▶ Exercise description: Leave out all pictures and retype exactly the lines from the one with "Kids Constellation PurelySoft" through the last line of the material.

▶ Supplied material:

=== Begin Enclosure ===

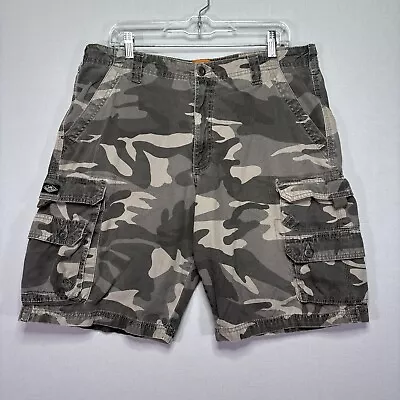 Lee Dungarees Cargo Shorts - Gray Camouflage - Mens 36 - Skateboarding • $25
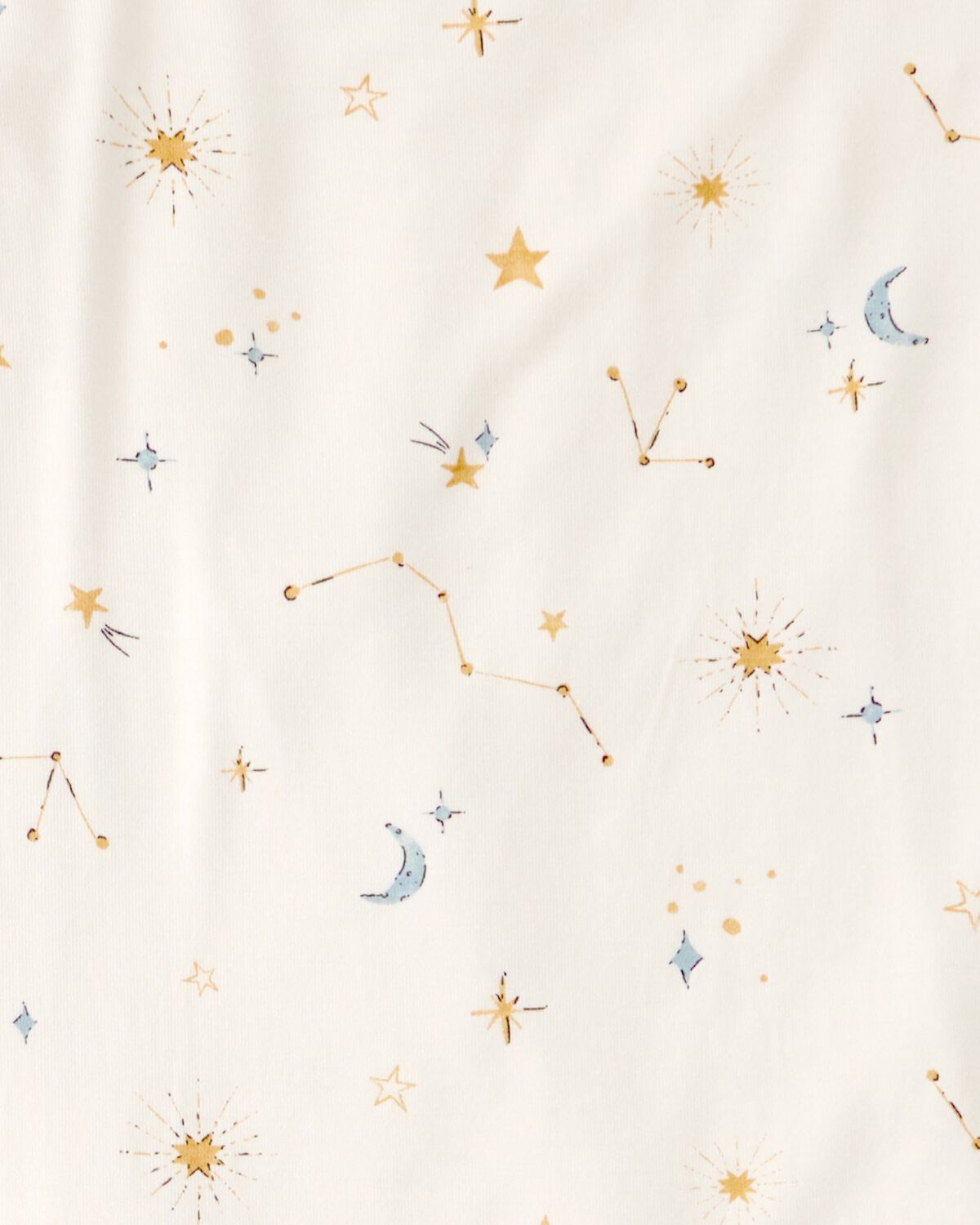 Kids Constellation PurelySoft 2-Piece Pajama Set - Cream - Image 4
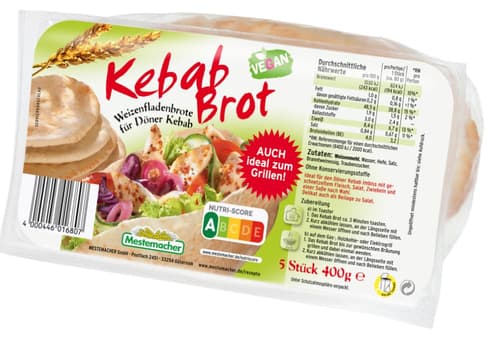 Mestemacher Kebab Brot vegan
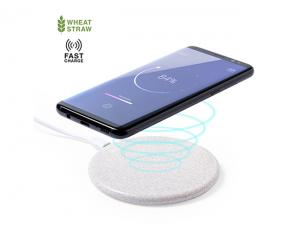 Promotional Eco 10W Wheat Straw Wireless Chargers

=== End Enclosure ===

▶ Response area:
 Kids Constellation PurelySoft 2-Piece Pajama Set - Cream - Image 4
 Mestemacher Kebab Brot vegan
 Promotional Eco 10W Wheat Straw Wireless Chargers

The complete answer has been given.